▶ **Problem**
Your output should be everything below from the line containing "image-komik-wuxian-shitu-chapter-3-38/68" down to the line containing "Bathtubs Quebec Trojan Quebec Corner Bath", both ends included, copied exactly, with pictures left out.

** Data listing follows **

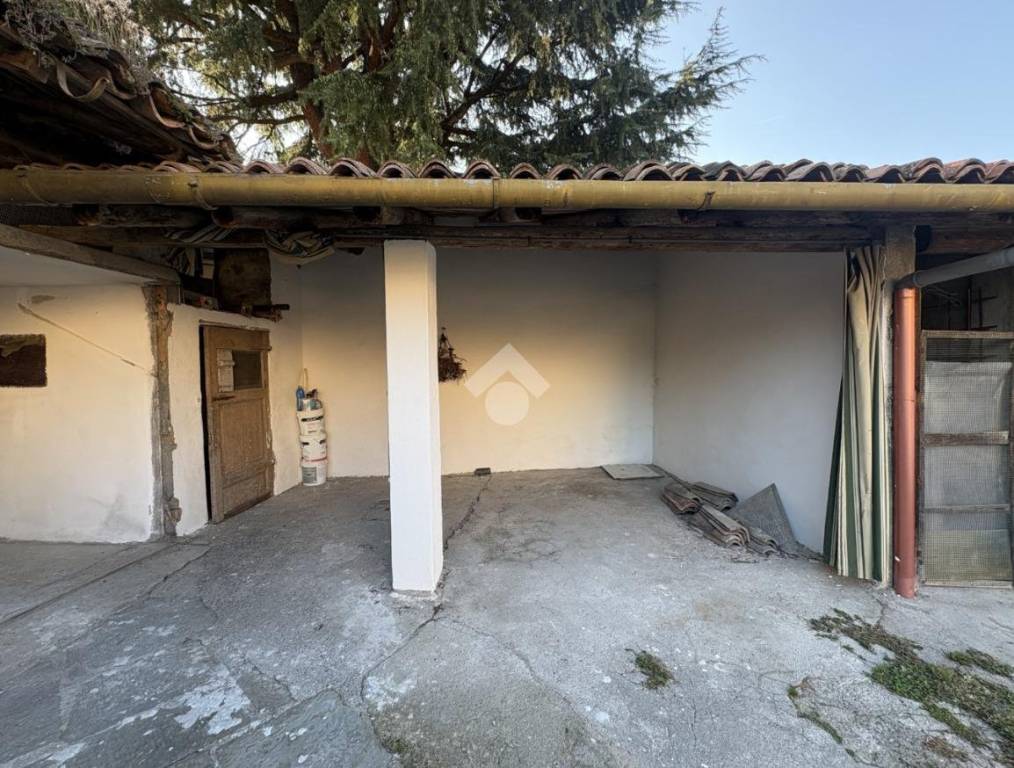 immagine annuncio 13 di 14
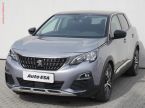 Peugeot 3008 - fotka číslo 2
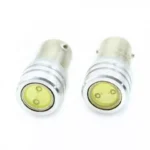 LED de Pozitie BA9S 12V 1W 60lm set 2buc CLD012 Carguard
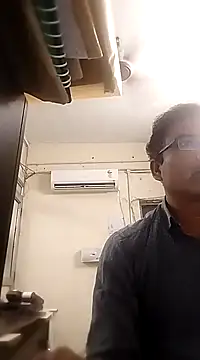 Snapshot of rajlocal chatting on December 3, 2024, 1:32 pm rajlocal online show from December 3, 2024, 1:32 pm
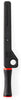 Griots Garage MOD Slim Detail Wand Head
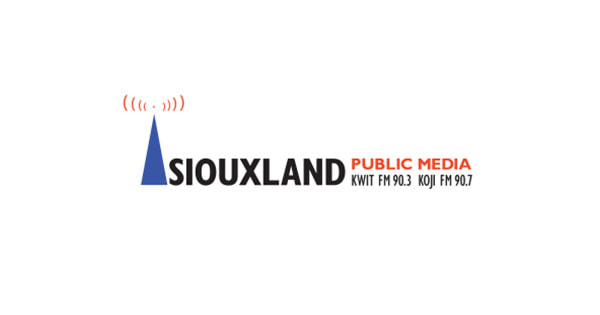 Siouxland Public Radio – Classical 24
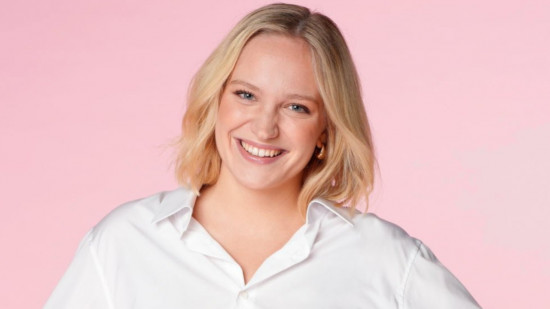 Une étudiante lyonnaise dans la nouvelle saison de la Star Academy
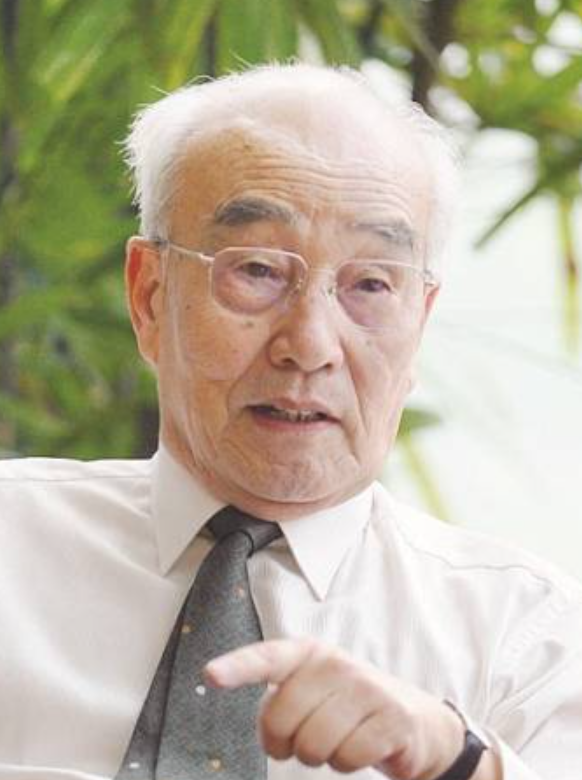 Zhongwu Lu
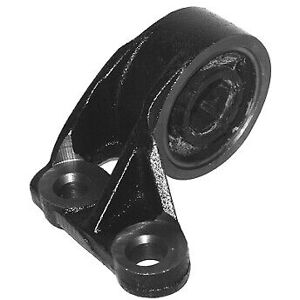 Genuine Apec Front Left Suspension Arm Bush For Rover 75 T 1.8 (05/2003-05/2005) Genuine Apec Front Left Suspension Arm Bush For Rover 75 T 1.8 (05/2003-05/2005)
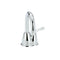 Invite HOT150 Instant Hot Water Dispenser System (H-HOT150C-SS)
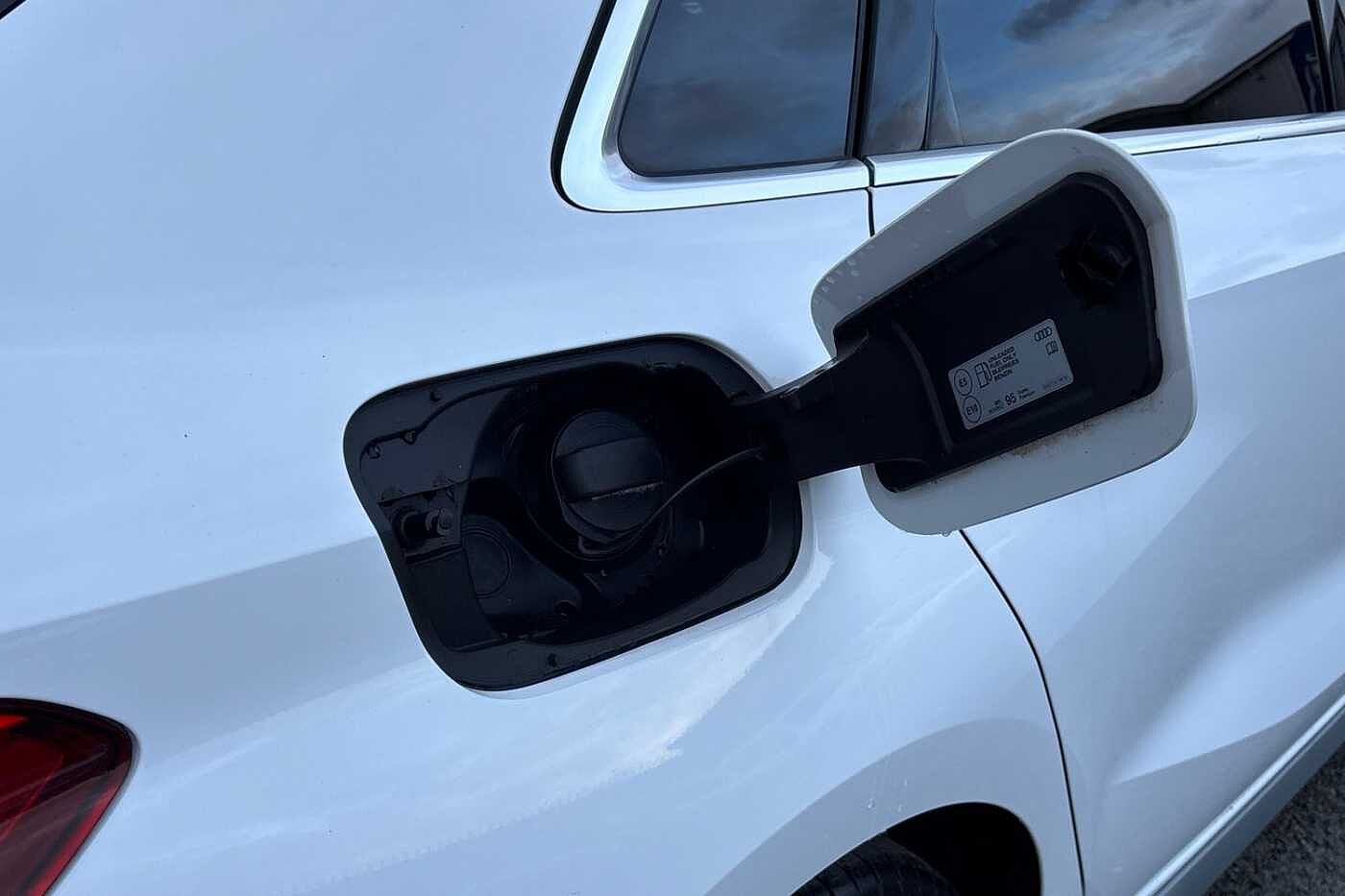 Used Audi A3 2021 for sale - 77412983: Photo 13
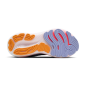 Brooks Glycerin 22 Femme Black/Blue Heron/Orange Brooks Glycerin 22 Femme Black/Blue Heron/Orange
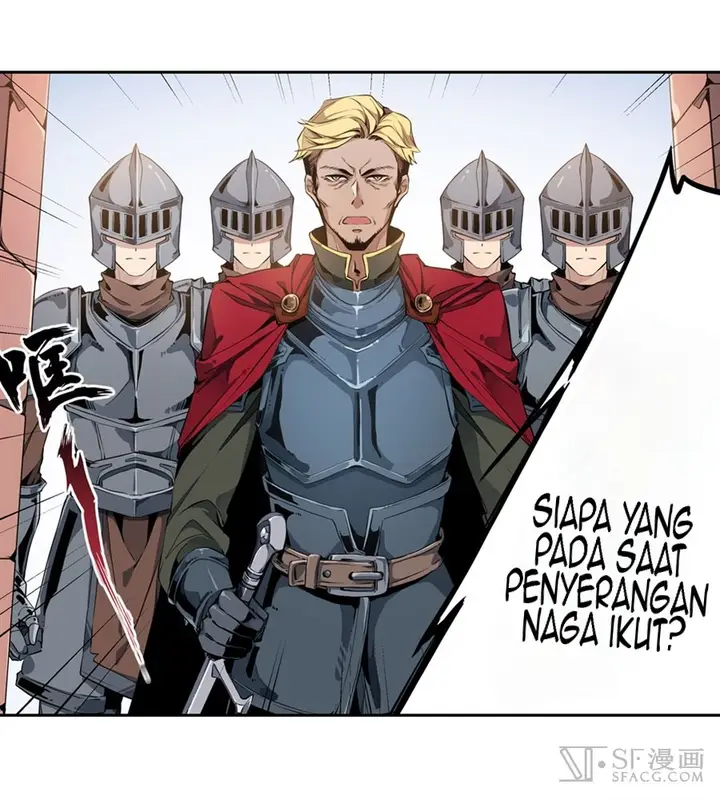 image-komik-wuxian-shitu-chapter-3-38/68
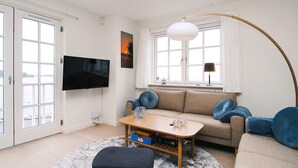 Maison | Intérieur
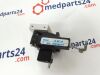 SIEMENS LX-PA-15 Linear Position Encoder Rad/Fluoro Room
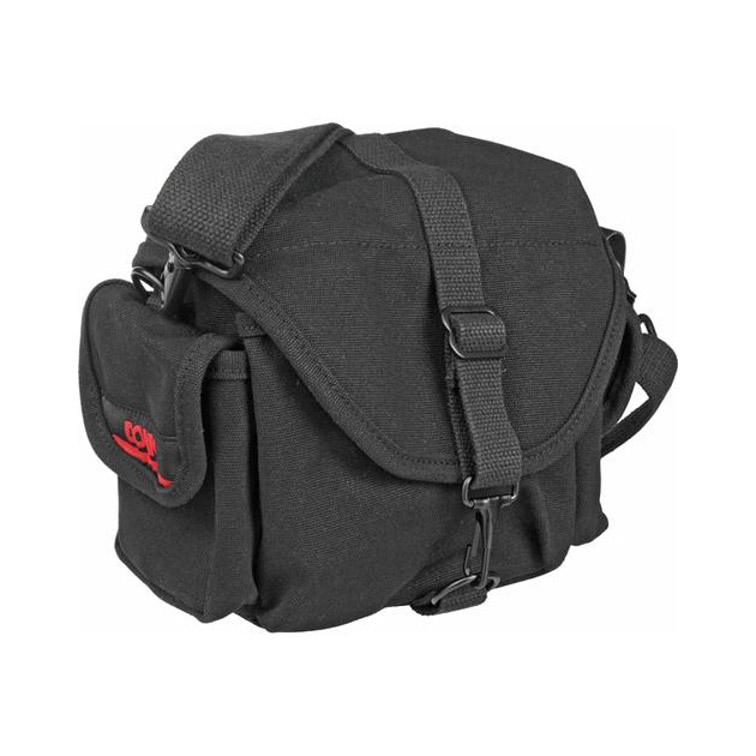 thinkTANKphoto(シンクタンクフォト) シェイプシフター 17 V2.0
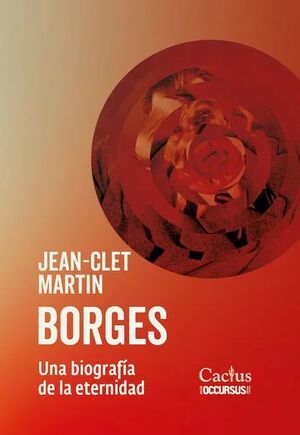 Borges . 9786316714091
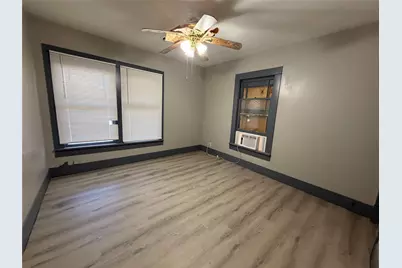 1541 S 9th Street, Abilene, TX 79602 - Photo 14
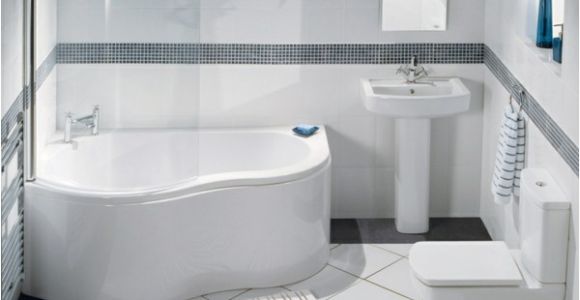 Bathtubs Quebec Trojan Quebec Corner Bath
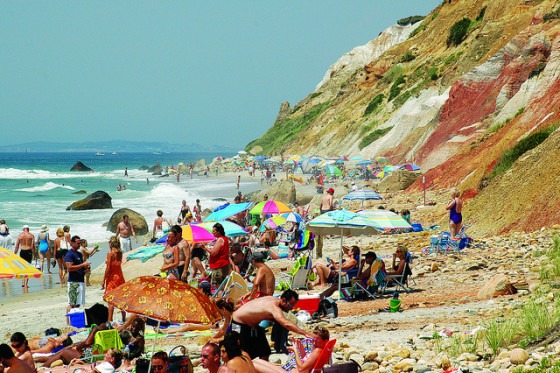 outdoor activities massachusetts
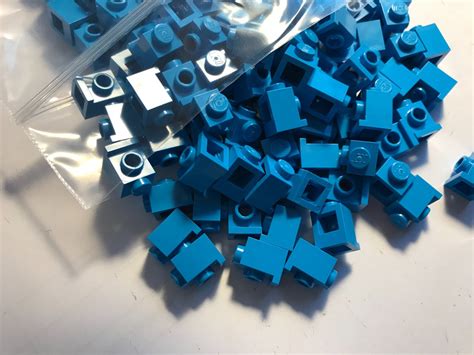 Image result for Turtle Python All Fill Colours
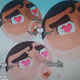 110321347324786687919004499814065362537800219039606046018027611551141166317569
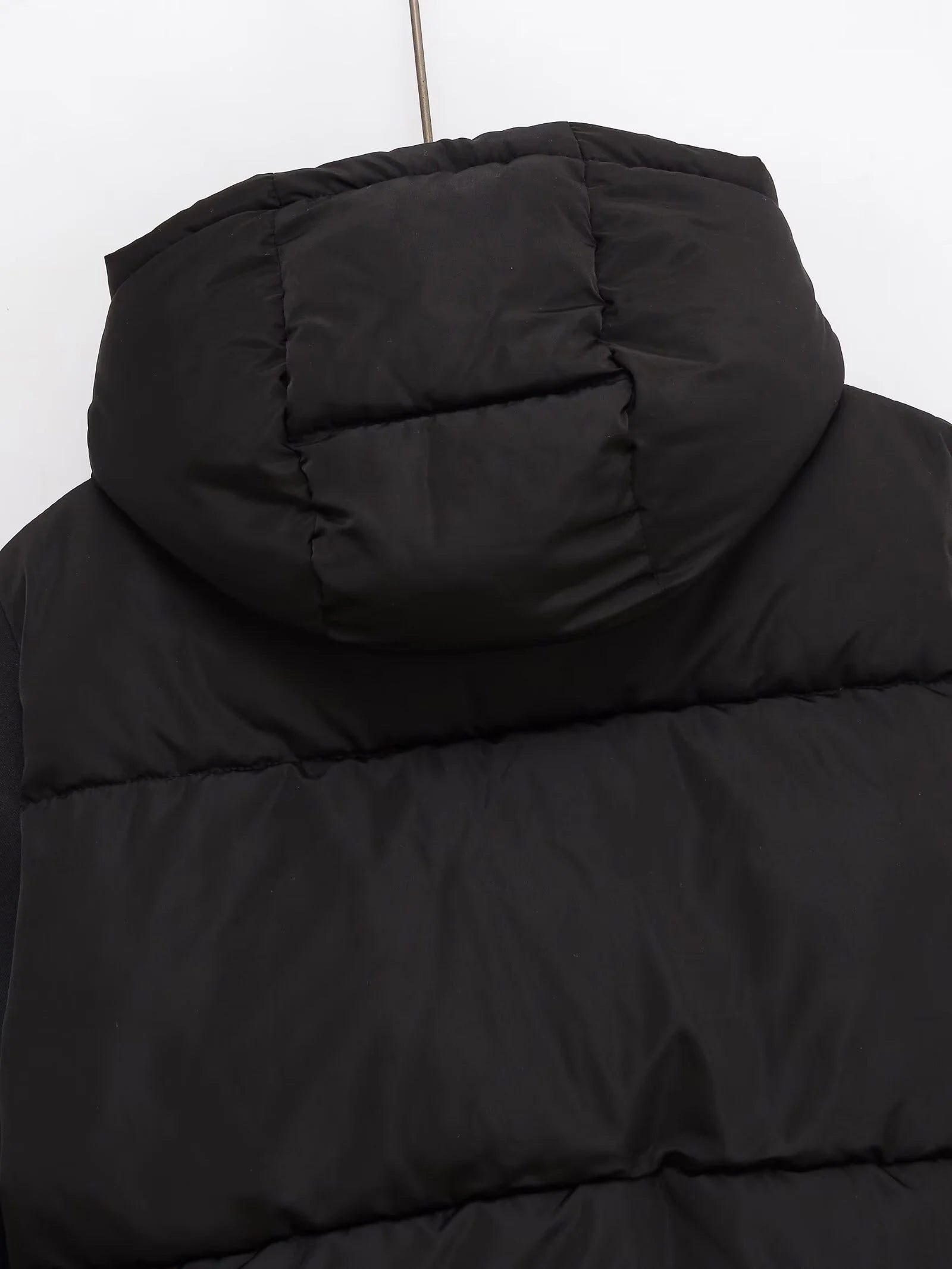 ZOOMNSTORE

** End of Data listing **

▶ **Answer to this problem**
 image-komik-wuxian-shitu-chapter-3-38/68
 Maison | Intérieur
 SIEMENS LX-PA-15 Linear Position Encoder Rad/Fluoro Room
 thinkTANKphoto(シンクタンクフォト) シェイプシフター 17 V2.0
 Borges . 9786316714091
 1541 S 9th Street, Abilene, TX 79602 - Photo 14
 Bathtubs Quebec Trojan Quebec Corner Bath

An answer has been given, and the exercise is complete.